Pictures excluded, please retype exactly the lines from the start of the data through the line that contains "Coach Signature Canvas", both ends kept, and nothing beyond them.

(Beginning of DATASET EXTRACT)

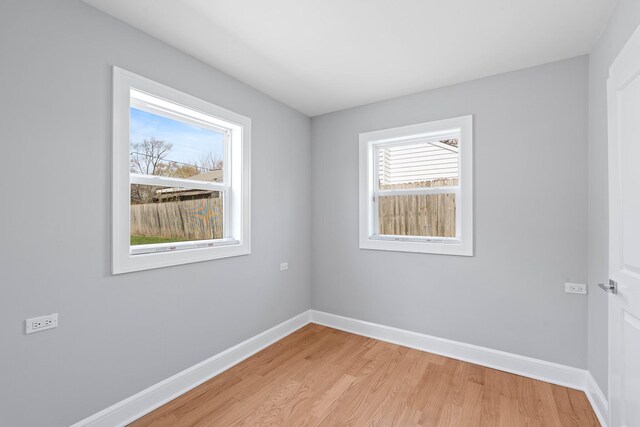 44 Cranbrook Dr, Des Plaines, IL 60016 - unfurnished room featuring plenty of natural light, light wood-style floors, and baseboards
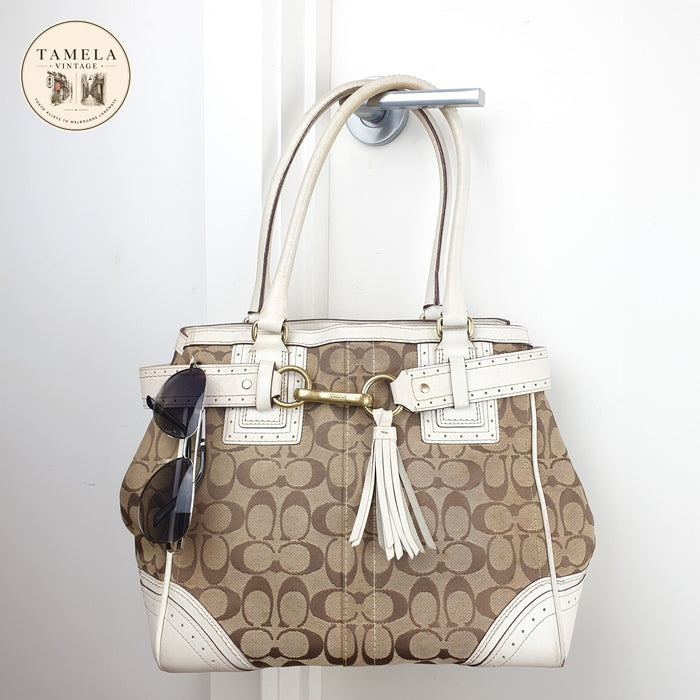 Coach Signature Canvas and Leather Tote Bag with Tassel Detail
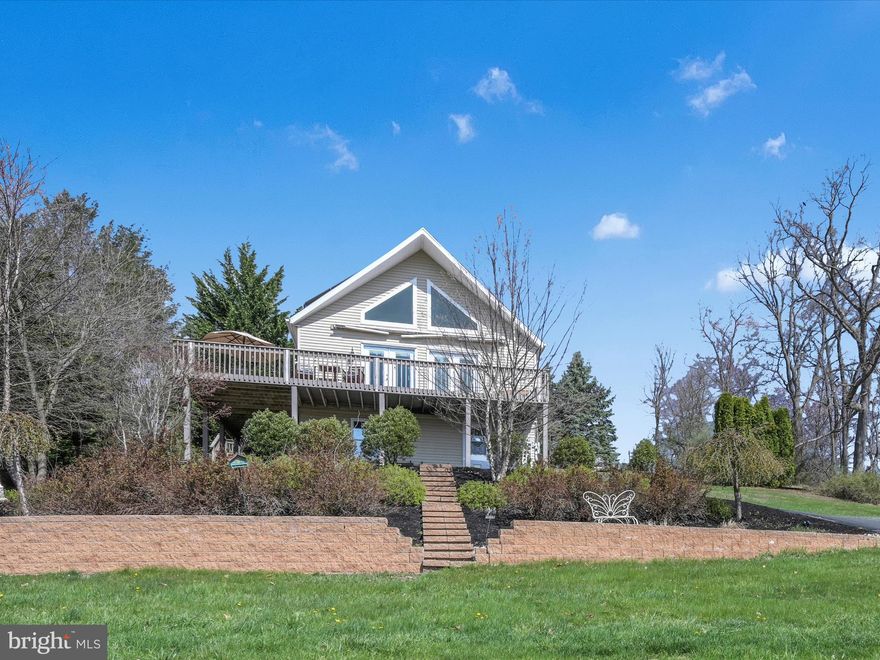 This inviting, 3BR/2BA chalet nestled on 0.99 acre in the gated, Lake Wynonah HOA community offers a perfect blend of rustic charm and modern comfort. Enjoy the unique and inviting aesthetic of this chalet-style home, with its sloping roof, charming features and spacious, wrap-around deck with stellar sunset and mountain views. Featuring 3 bedrooms, 2 bathrooms and a finished basement with additional unfinished storage space, this home is ideal for families or those seeking comfortable living in a private, picturesque community. The main floor encompasses an updated kitchen with center island, living area, 2 bedrooms and a full bathroom. The appealing loft space includes an additional bedroom or office and full bathroom. The cozy basement is partially finished, and boasts a propane fireplace for warmth and ambiance. Large, unfinished area in the basement useful for multiple purpose/laundry. Plenty of extra parking space graces the property, as well as a private deck with firepit area and gazebo toward the rear. Notable features include: fresh, neutral paint colors, bright, open feel, center kitchen island and upgraded countertops, composite, wraparound deck, electric awning with remote, extensive hardscaping and landscaping, invisible fence with dog collars, shed, water filtration system, 3 wall mounted mini-splits, on-site septic. Propane for propane fireplaces (2) is leased through Koppy's. Pergola, Shed, Washer/Dryer, Dehumidifer, Deep Freezer, Dishwasher, Refrigerator, Double Range, large TV in Living Room included in the sale. Solar leased through Sunrun solar. HOA requires a 6 month minimum term rental policy. Lake Wynonah is a gated, HOA community, featuring 2 gorgeous, pristine, spring-fed freshwater lakes (Lake Wynonah is approximately 90 ft. deep and Fawn Lake 45 ft. deep at deepest areas). Amenities include: business office/gathering room/library, lodge w/dining and bar, social clubs, boating, fishing, wakeboarding, waterskiing, tubing, paddleboarding, tennis, pickleball, several parks/pavilion, basketball courts, horseshoe pits, 2 pools, beautiful docks, hiking, natural wildlife and marina. Groups and events include: Active Civic Association, Dances/Concerts, Book Group, Pinochle Group, Volunteer Programs, Fish & Boat Group. Located less than an hour from Allentown, Harrisburg, Hershey and Reading. Close to Philadelphia and surrounding suburbs. Beat the beach traffic, explore and settle in at the lake. Lake Wynonah is "Life On Vacation"!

(End of DATASET EXTRACT)

__EXPECTED ANSWER__
 44 Cranbrook Dr, Des Plaines, IL 60016 - unfurnished room featuring plenty of natural light, light wood-style floors, and baseboards
 Coach Signature Canvas and Leather Tote Bag with Tassel Detail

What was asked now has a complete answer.